Yağmur durmuşken yürümeye çıktım, iyi ki şemsiye almışım onbeş dakika usul usul yağan yağmurun altında yürüdüm, yağmur kokusunu içime çektim.

Ve işte, günlerin kısalmasının sonuna geldik. Bu gece en uzun geceyi yaşayacağız ve sonra yavaş yavaş günler uzamaya başlayacak, sonra ilkbahar, sonra yaz.
Telaşa gerek yok aslında, zaman kendi bildiği gibi geçiyor. Gel gör ki biz insanlar  kendimiz için hep farklı beklentiler içine dalarak, zaman algımızı değiştirerek yaşıyoruz.

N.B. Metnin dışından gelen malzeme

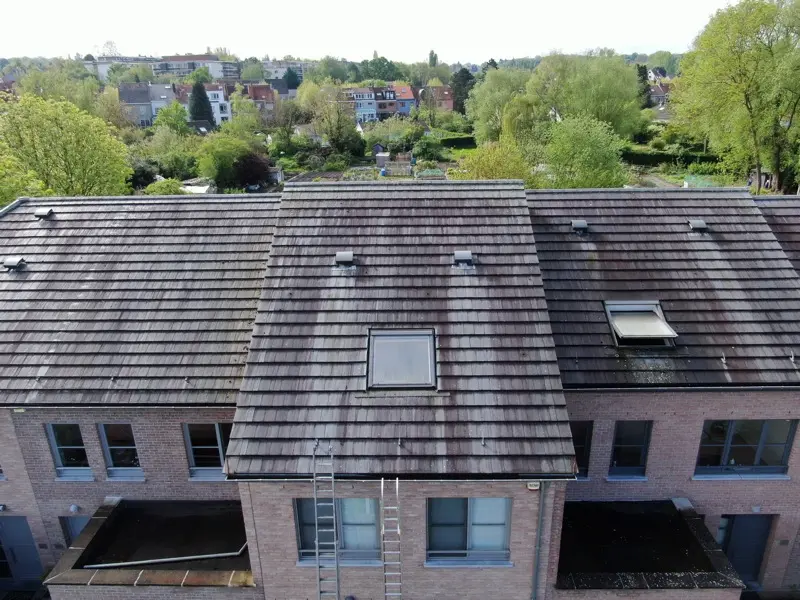 Dakontmossing project in Leuven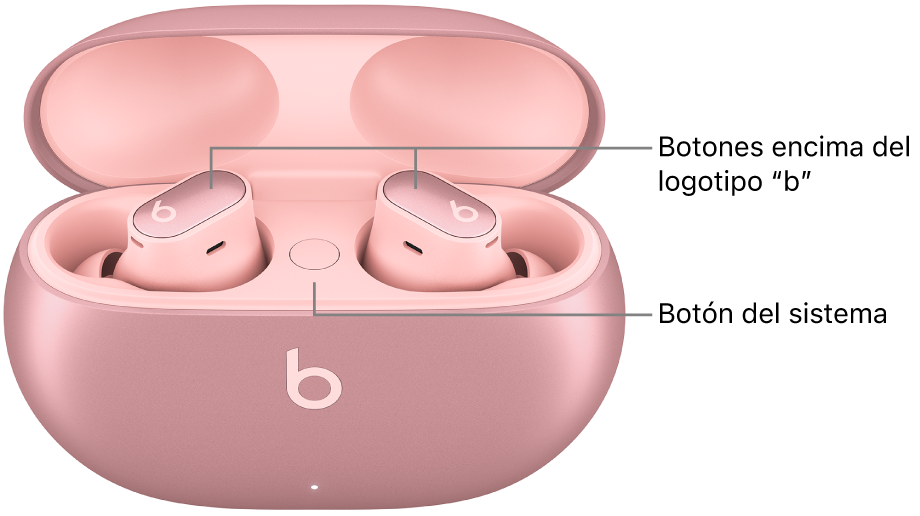 Imagen de los Beats Studio Buds + que muestra dónde se encuentran los botones encima del logotipo “b” en los auriculares y el botón del sistema dentro del estuche de carga.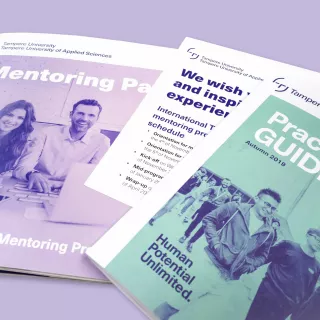 Mentoring practical guide
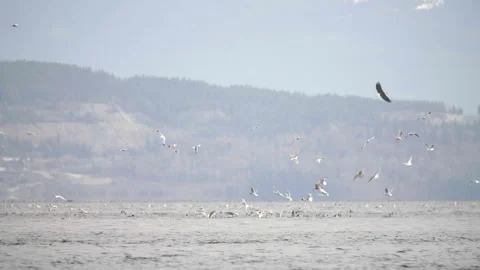 Eagles, gulls and duck diving for herring at distance Stock Footage 269956674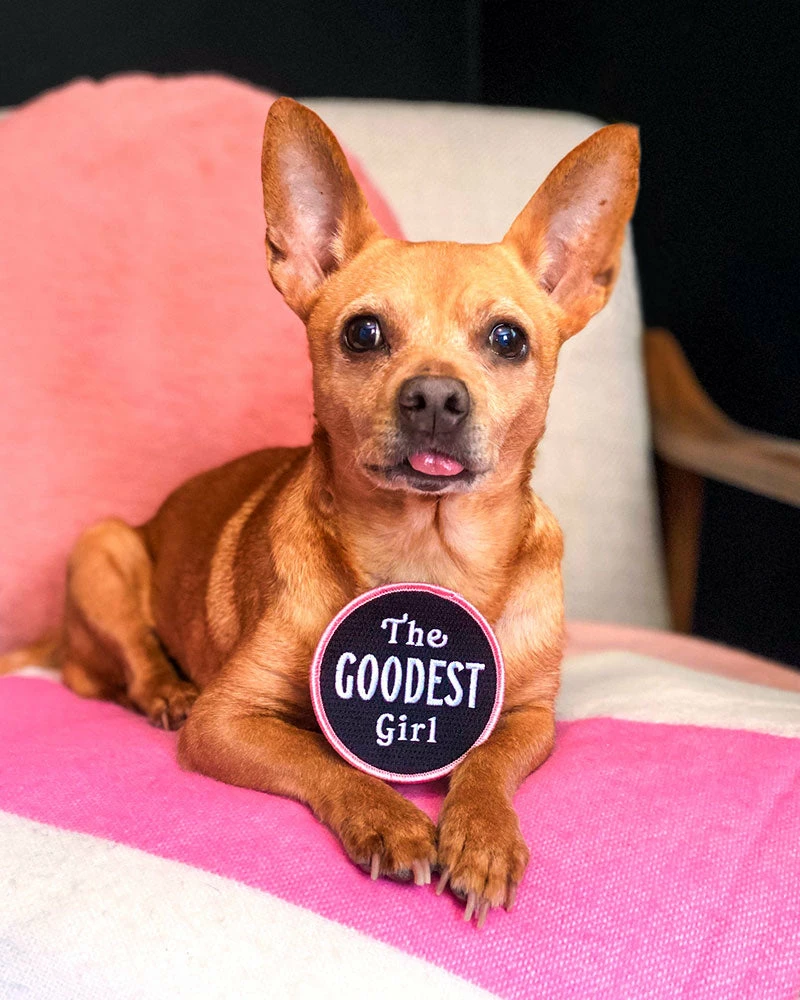 Oxford Pennant Pins + Patches The Goodest Girl Dog Patch 2 Oxford Pennant Pins + Patches The Goodest Girl Dog Patch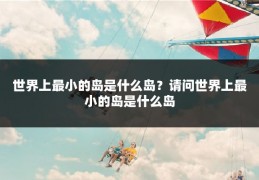 世界上最小的岛是什么岛？请问世界上最小的岛是什么岛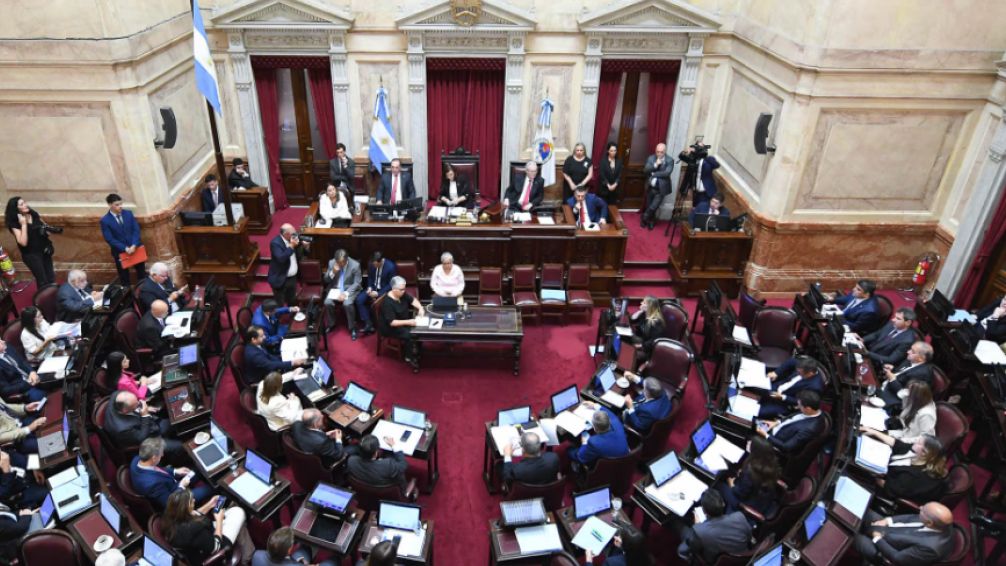 Tenencia de armas: el Senado reactivará el debate del proyecto 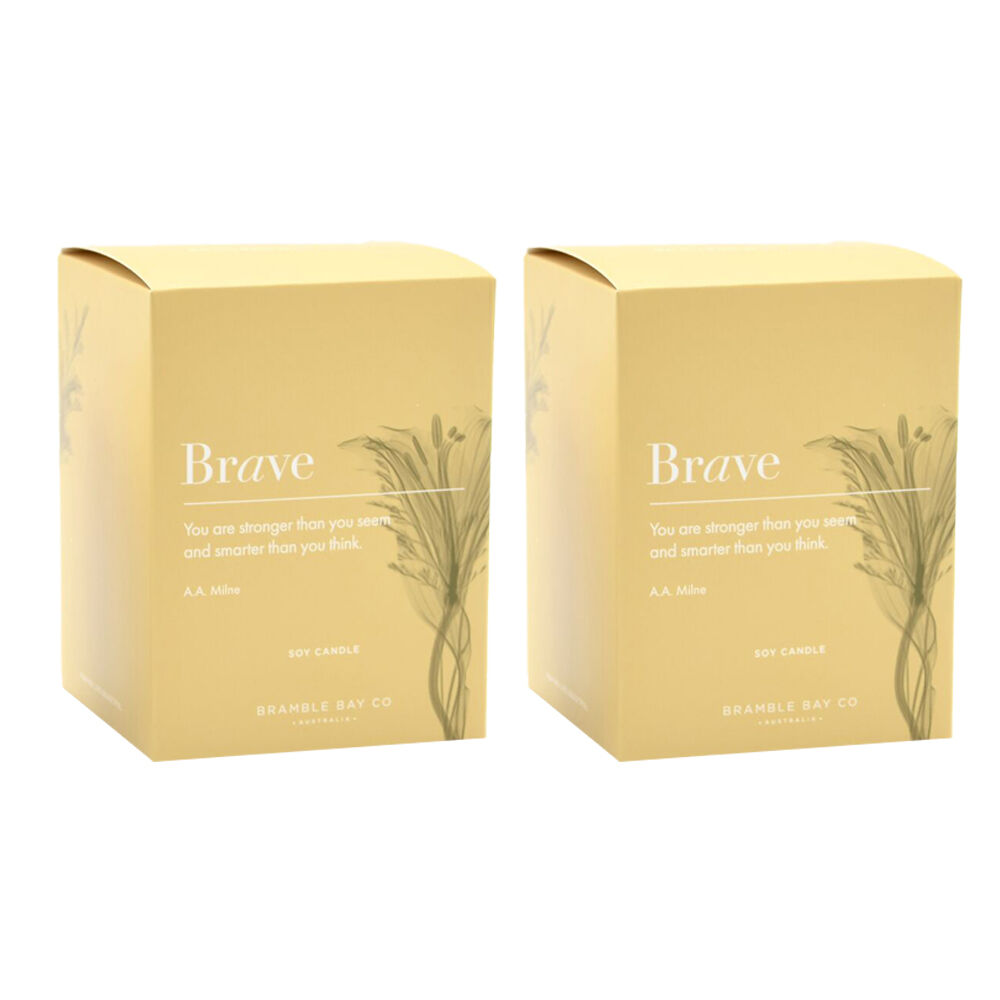 /assets/full/INSCAN-02_2PK.jpg?20250922120130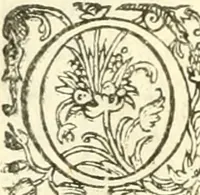 An illustration from Les secrets et merueilles de nature, recueillis de diuers autheurs & diuisez en XVII. liures (1586)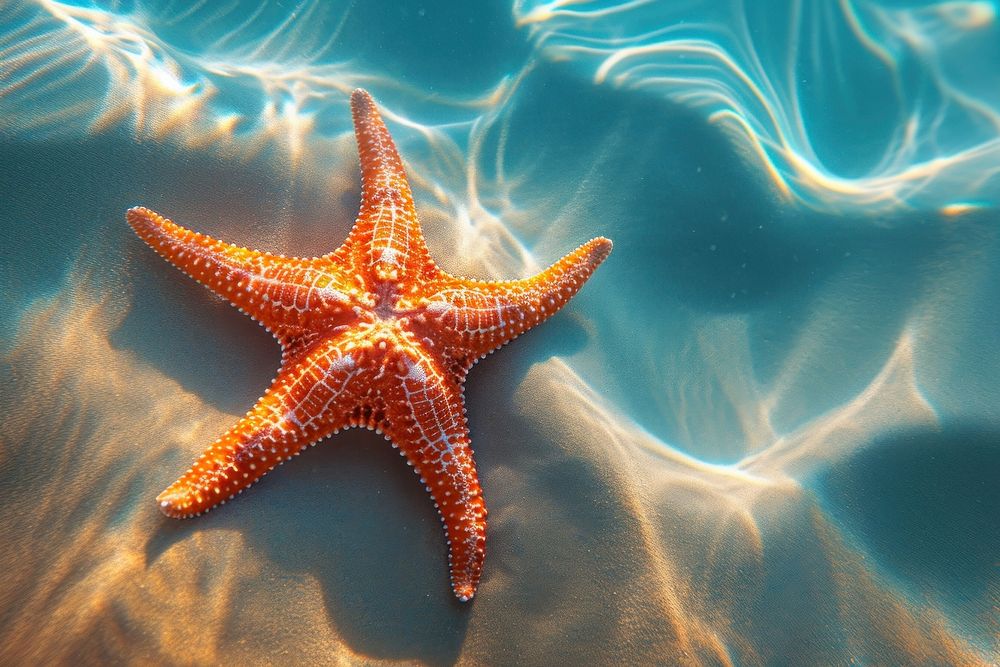 Top view underwater photo of starfish on a sand outdoors marine animal.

Bu gece aynı zamanda, bir kaç senedir daha çok farkına vardığımız eski adetlerden  birisinin zamanı, nardugan bayramı.
İster bolluk bereket dileğiyle kapınızın önünde nar kırın, ister güzelce ayıklayıp o leziz meyvenin tadına varın, bugün narın o benzersiz taneciklerine yakın olmak hoş bir duygu verecektir.



Bizim evin nar ayıklayıcısı bendenizim, herkes yemeyi sever ama ayıklamaya üşenir, ben üşenmem ayıklarım. Sizin evin ayıklayıcısı kim ?
 

20 Aralık 2024 Cuma

20 Aralık Cuma

Yüz Yıllık Yalnızlık dizisini seyretmeyi bitirdim. Son bölüm biraz fazlaca kan revan, ölümle sarsıcı olduysa da bütününü beğenerek izledim.

Sally Rooney'in İntermezzo'sunu okumaya başlayacağım bugün yarın. 
Storytel'de Selçuk Altun'un İşte Geldim Deniz Kenarı'nı dinliyorum. Daha önce yazarın Ayrılık Çeşmesi Sokağı romanını okumuştum. 
Yine aynı hissiyat içindeyim, bu kadar çok sözde bilgiyi bir metne tıkıştırmakla roman yazılmış olmuyor. 
Şuraya bir not düşüyorum, Selçuk Altun üçüncü bir şansı hak etmiyor, daha da okumam. 

Bugün can arkadaşım Bayan E. ile yemek yedik. Kaç gündür denk düşüremediğimiz doğum günü kutlama yemeğine bugün sıra geldi. 
Böylelikle doğum günü şenliklerinin sonuna gelmiş olduk.



Yılbaşı vitrini süslerini henüz bitirmedik, denk düştükçe ekliyorum.